In
una società “flessibile”, la durata
di ogni esperienza umana si accorcia sempre più,
e allora il pranzo si fa il più delle volte
“fast food”, e gli amori sono sempre meno
eterni. Ad aver strutturato così la società
contemporanea è senza dubbio il nuovo mondo
del lavoro, una dimensione in continua rivoluzione
che non assicura più, a giovani e meno giovani,
un futuro certo. Se il cittadino-lavoratore non sa
oggi dove e quanto e come (e se) lavorerà domani,
sono due le parole magiche che possono aiutarlo a
sopravvivere in tanta precarietà: “educazione
permanente”.
Il cursus educativo di una volta poteva andare
bene nell’epoca del posto fisso. Le nozioni
assunte alle scuole superiori e all’università,
magari rafforzate dalla pratica concreta sul luogo
di lavoro, potevano bastare a garantire la preparazione
di chi per tutta la vita si ritrovava ad espletare
la stessa funzione, tanto più in un mondo sostanzialmente
stabile, in cui l’aggiornamento non era vitale.

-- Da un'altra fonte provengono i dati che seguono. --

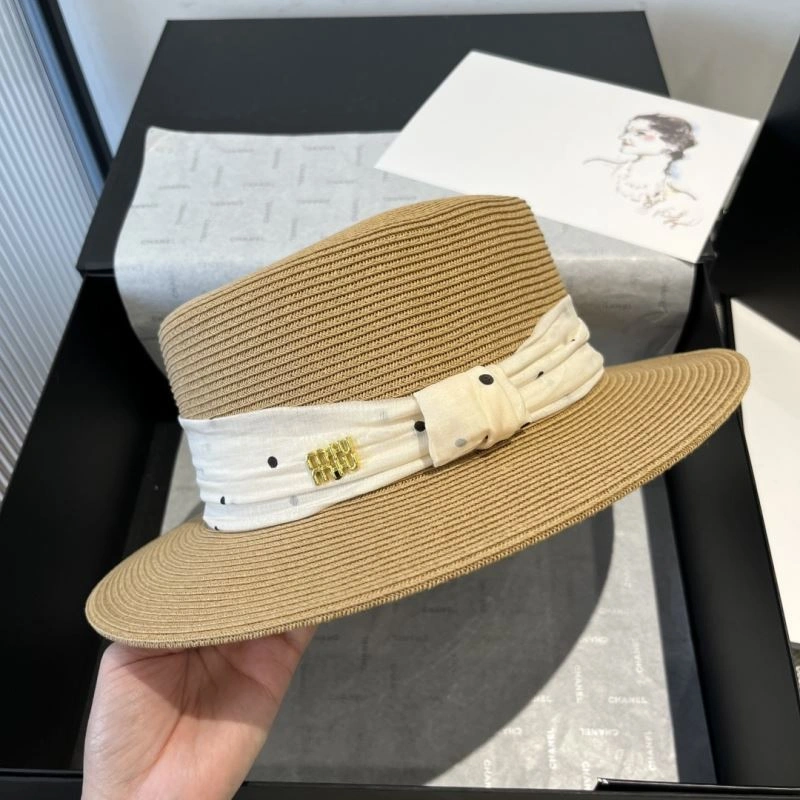 WaterResistant Miu Miu Caps 261676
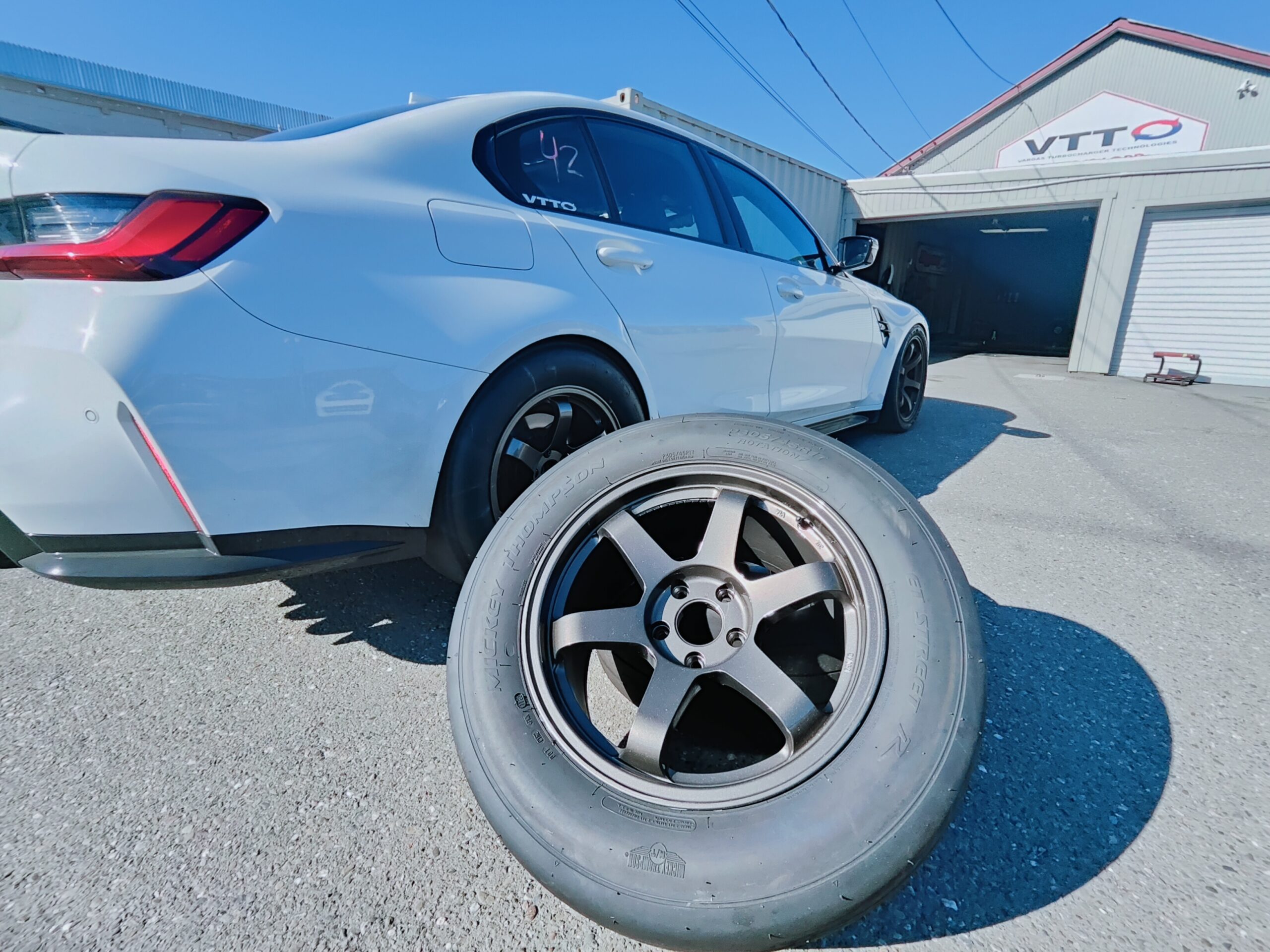 VTT "1.3" Kit for BMW G8X Platforms - Image 6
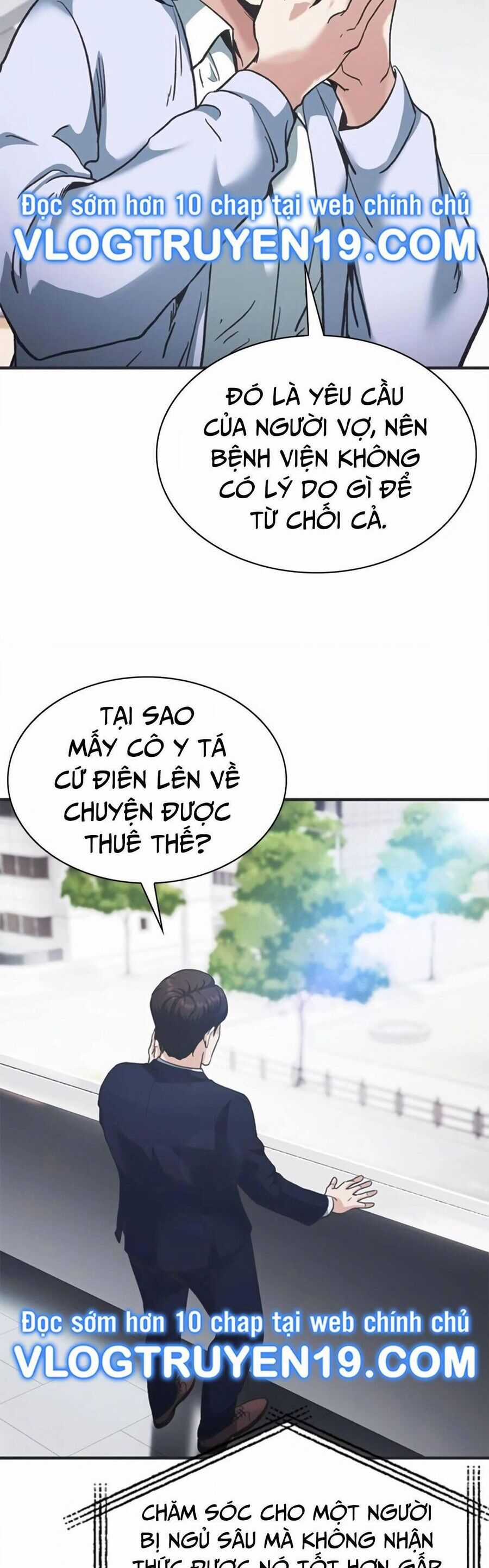 Chủ Tịch Kang: Người Mới Đến Chapter 25 trang 17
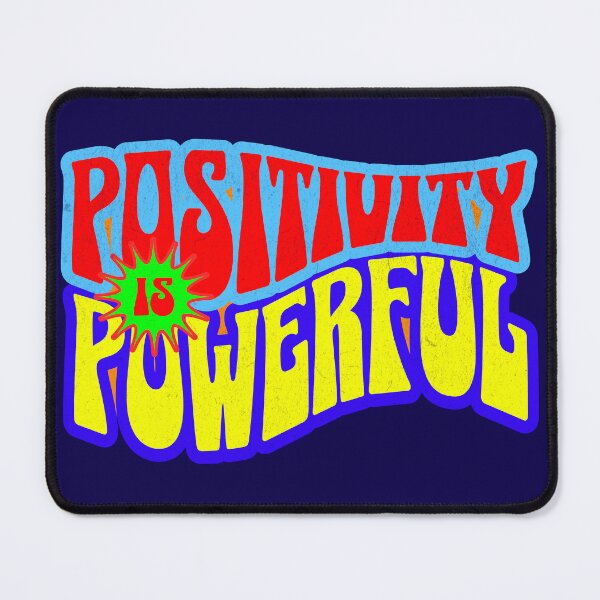 Item preview, Positivity Is Powerful designed and sold by That-Guys-Merch.
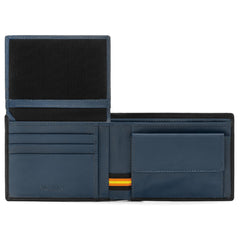 K-Way K-Colorblock Wallet Blue 9BKK92020H6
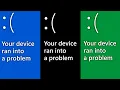 Download Lagu All Windows Screen of Death Colors Explained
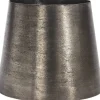 Mia Lampskärm Metall Ø17cm Råsilver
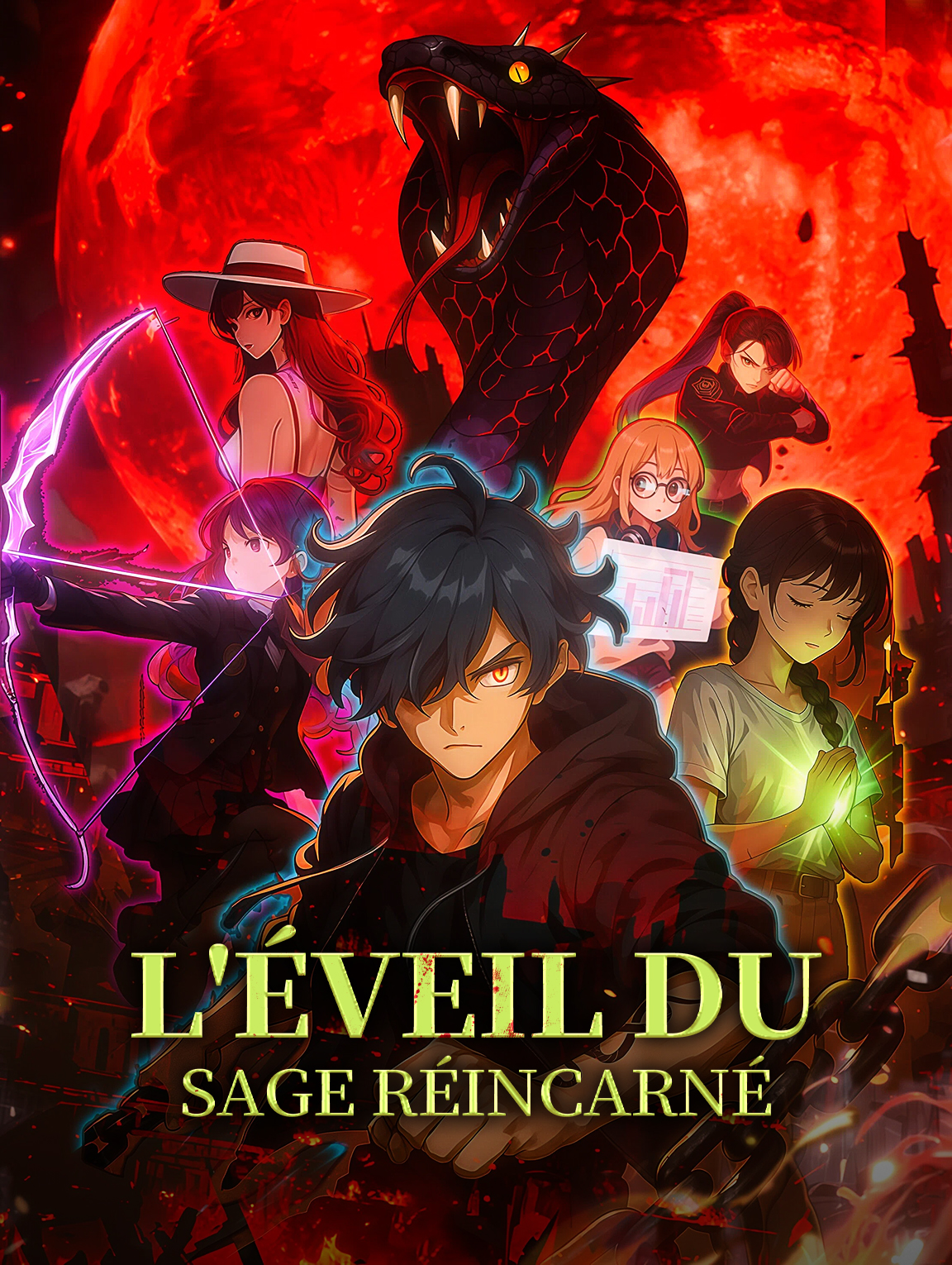 L'Éveil du sage réincarné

Oggi non è più così. Le nuove
tecnologie, ad esempio, che hanno rivoluzionato la
nostra società, continuano a rigenerarsi a
velocità sempre maggiori.
Pertanto chi possiede già un lavoro si vede
costretto, anche solo per rimanere dov’è,
ad un aggiornamento continuo. E chi ha appena concluso
il cursus scolastico tradizionale si rende
conto che, se vuole essere almeno un po’ padrone
del proprio futuro, deve intraprendere nuovi studi,
perché la laurea, che un tempo era un segno
di eccellenza, oggi il più delle volte non
basta più, e i call center pullulano
di laureati.
Gli
Stati Uniti da tempo si confrontano con spregiudicatezza
con questo mondo flessibile e di formazione permanente,
mondo che in pratica hanno creato loro. L’Unione
Europea si è posta, al Consiglio di Lisbona,
obiettivi molto ambiziosi: per il 2010, l’80%
della popolazione compresa tra i 15 e i 64 anni dovrà
possedere un titolo di scuola secondaria superiore
e il 10% della popolazione adulta dovrà poter
usufruire ogni anno di corsi di formazione permanente.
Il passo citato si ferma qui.